Забывал он переживать, только погружаясь в дела, поэтому трудился без устали. Преодолевая внутреннее сопротивление, шёл домой ночевать, утром спешил со всех ног, обмирая при абсурдных и фантастических мыслях, предчувствиях разразившейся катастрофы, и переводил дух, оказавшись в кресле за рабочим столом, снаружи такой же чистый и свежий, как его полированная поверхность, внутри – в рубцах и отвратительных шрамах, оставленных ожогами ясновидения.
– Сколько стоит мой покой? – спросил он наконец.
– У тебя нет таких денег.
Когда я шёл домой обедать, мне повстречался Муха, который топотал меж сугробов с плотно набитым аптечным (черно обвитая змеёй чаша на белом фоне, трейд-марка всех аптек мира) пакетом и выглядел так, словно хотел проскользнуть незамеченным.
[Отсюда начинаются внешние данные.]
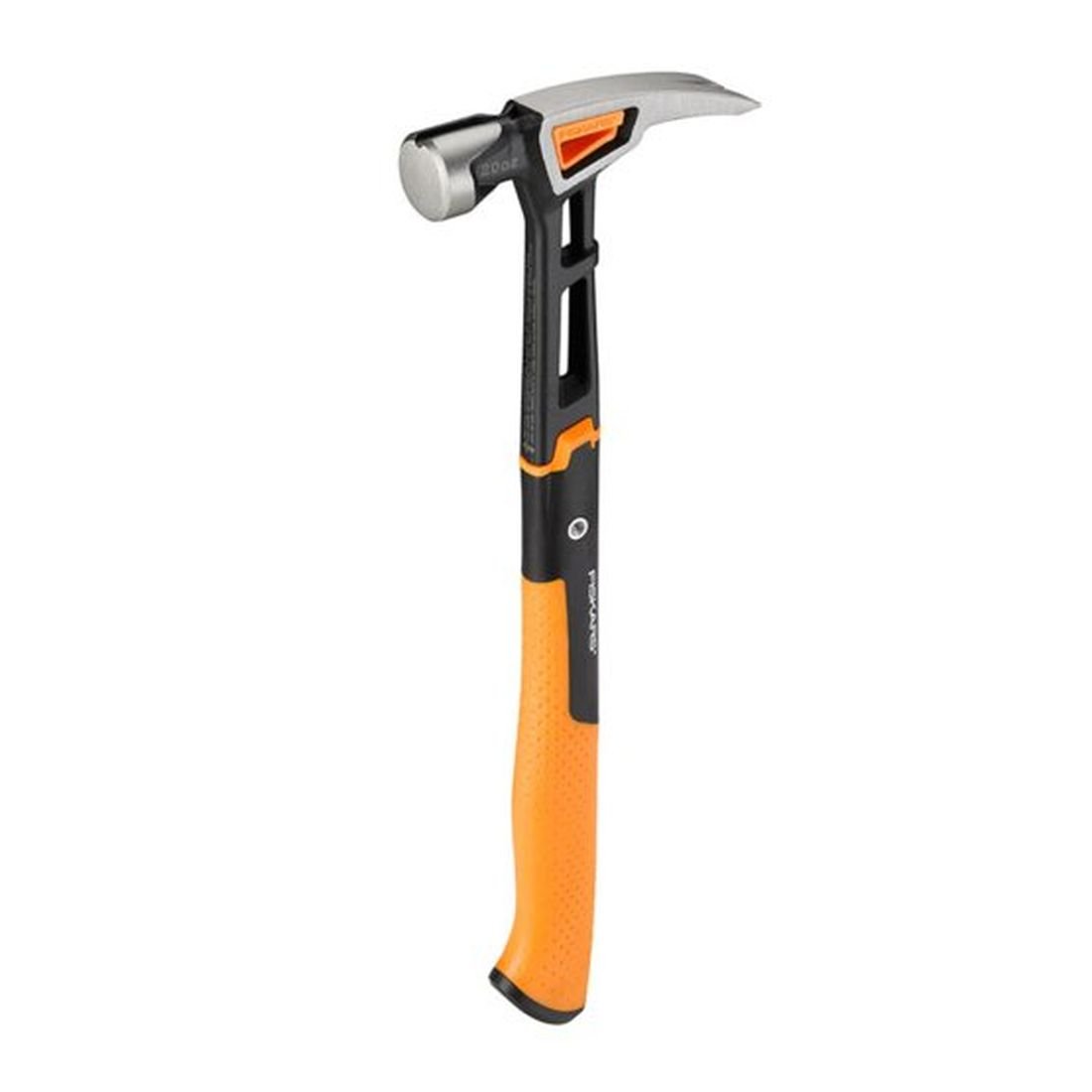 Młotek FISKARS 1020215, 39 cm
Я заступил ему дорогу.
– Приветик, – сказал Муха, косясь в сторону. – Ты со мной?
– Куда?
Муха недовольно вздел пакет и покачал им перед моим носом.
– Непонятно, куда? Что ж ты натворил, Разноглазый?
– Это был не я.
– Но ты не заступился!
– А он теперь, бедный, лежит и всем желающим рассказывает, что за него должны были заступаться?
– Хм, – сказал Муха, – Фигушка и не отрицает, что себя вёл… Ладно. Я сегодня помедитирую, а завтра скажу тебе, что думаю. Так ты идёшь?
– Я тебя провожу.
Мы с боем двинулись через снега переулка. Не став мудрить, я брякнул:
– Жёвку убили.
– Кого?
– Да Жёвку, Жёвку нашего.
Достойно примечания, что, оказавшись в Автово в составе оккупационного корпуса, ни Муха, ни я не сделали попытки увидеть предателя. Я обратился напрямую к Добыче Петровичу, а Муха – всегда такой открытый и общительный – затаился и не задал ни одного вопроса, не сказал ни слова.
– Так вот о ком по всем аптекам шуршат! Слушай, – Муха замялся, – он правда того… без штанов был?
– Да в штанах, в штанах.
– Кто ж его?
– Молодой считает, что Сахарок.
– Конечно, Сахарок, – серьёзно согласился Муха. – А кому ещё? Он, он, аспид попущенный.
– Я потребовал у Добычи наши деньги.
– Какие деньги?
– Долю в наследстве, как это «какие»?
Муха даже остановился и посмотрел с удивлением.
– Ты до сих пор помнишь?
– А почему ты забыл?
Мы разговаривали на ходу, борясь с ветром и снегом, предусмотрительно не глядя друг на друга. Но тут он всё же ко мне повернулся. «Потому что всегда и все забывают, – читалось на его лице. – Как иначе?»
– Не стал бы солидный человек аттракционы здесь устраивать, – сказал он, подумав. – Сам посчитай. Жалуется он, например, косарям, косари шлют бойцов или дружинников, а потом ты получаешь вызов и всё всплывает. Не знаю, как это по науке, а у нас такие вещи называют проблемой.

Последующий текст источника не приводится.